Always use the network time protocol (NTP) by running ntpd
on your servers to minimize clock skew.
To address uneven chunk distribution for a sharded collection, the balancer migrates chunks from shards with more chunks to shards with a fewer number of chunks. The balancer migrates the chunks, one at a time, until there is an even distribution of chunks for the collection across the shards. For details about chunk migration, see Chunk Migration Procedure.
Changed in version 2.6: Chunk migrations can have an impact on disk space. Starting in MongoDB 2.6, the source shard automatically archives the migrated documents by default. For details, see moveChunk directory.

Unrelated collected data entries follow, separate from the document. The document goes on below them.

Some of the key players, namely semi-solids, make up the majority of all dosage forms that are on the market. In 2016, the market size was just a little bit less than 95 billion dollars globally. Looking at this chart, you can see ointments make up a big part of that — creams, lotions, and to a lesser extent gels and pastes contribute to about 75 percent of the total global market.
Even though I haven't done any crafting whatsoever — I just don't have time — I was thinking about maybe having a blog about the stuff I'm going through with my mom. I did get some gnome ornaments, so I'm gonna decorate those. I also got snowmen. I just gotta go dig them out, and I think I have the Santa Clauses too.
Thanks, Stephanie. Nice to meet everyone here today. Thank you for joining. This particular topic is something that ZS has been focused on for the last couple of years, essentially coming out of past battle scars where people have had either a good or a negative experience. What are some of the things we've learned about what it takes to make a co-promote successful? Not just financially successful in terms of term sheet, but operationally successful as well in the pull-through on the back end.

Chunk migrations carry some overhead in terms of bandwidth and workload, both of which can impact database performance. The balancer attempts to minimize the impact by:
- Moving only one chunk at a time. See also Chunk Migration Queuing.
- Starting a balancing round only when the difference in the number of chunks between the shard with the greatest number of chunks for a sharded collection and the shard with the lowest number of chunks for that collection reaches the migration threshold.

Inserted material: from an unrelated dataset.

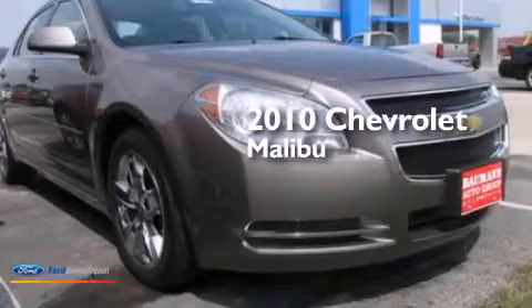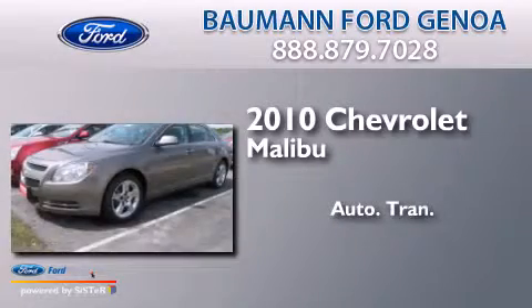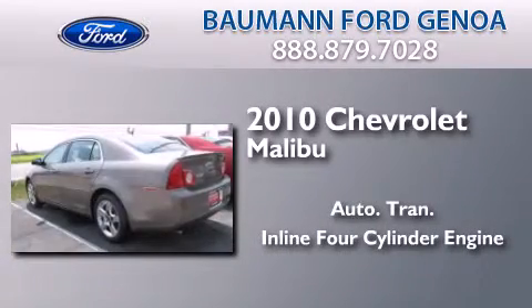This is a 2010 Chevrolet Malibu. This car has an automatic transmission and an inline four-cylinder engine.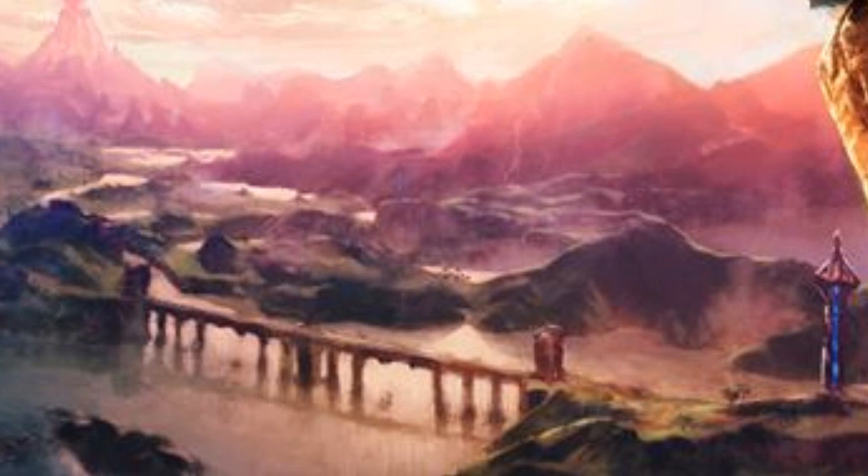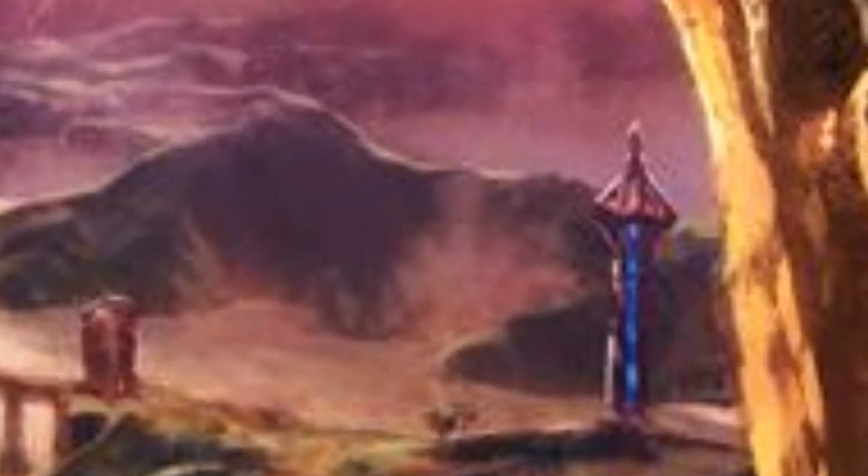It also features the bridge, which Andre pointed out from his Game Awards analysis a long time ago, in which they showed the map and a bridge could be seen on that, so this might be the same bridge from that map. We also get a closer look at one of the towers, which appears to be the same one that's close to the Sanctuary.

You may disable the balancer temporarily for maintenance. See Disable the Balancer for details.
You can also limit the window during which the balancer runs to prevent it from impacting production traffic. See Schedule the Balancing Window for details.
Note
The specification of the balancing window is relative to the local
time zone of all individual mongos
instances in the
cluster.
See also
Migration Thresholds¶
To minimize the impact of balancing on the cluster, the balancer will not begin balancing until the distribution of chunks for a sharded collection has reached certain thresholds. The thresholds apply to the difference in number of chunks between the shard with the most chunks for the collection and the shard with the fewest chunks for that collection. The balancer has the following thresholds:
Changed in version 2.2: The following thresholds appear first in 2.2. Prior to this release, a balancing round would only start if the shard with the most chunks had 8 more chunks than the shard with the least number of chunks.
Number of Chunks | Migration Threshold |
Fewer than 20 | 2 |
20-79 | 4 |
80 and greater | 8 |
Once a balancing round starts, the balancer will not stop until, for the collection, the difference between the number of chunks on any two shards for that collection is less than two or a chunk migration fails.
Shard Size¶
By default, MongoDB will attempt to fill all available disk space with data on every shard as the data set grows. To ensure that the cluster always has the capacity to handle data growth, monitor disk usage as well as other performance metrics.
When adding a shard, you may set a “maximum size” for that shard.
This prevents the balancer from migrating chunks to the shard
when the value of mapped
exceeds the
“maximum size”. Use the maxSize
parameter of the
addShard
command to set the “maximum size” for the shard.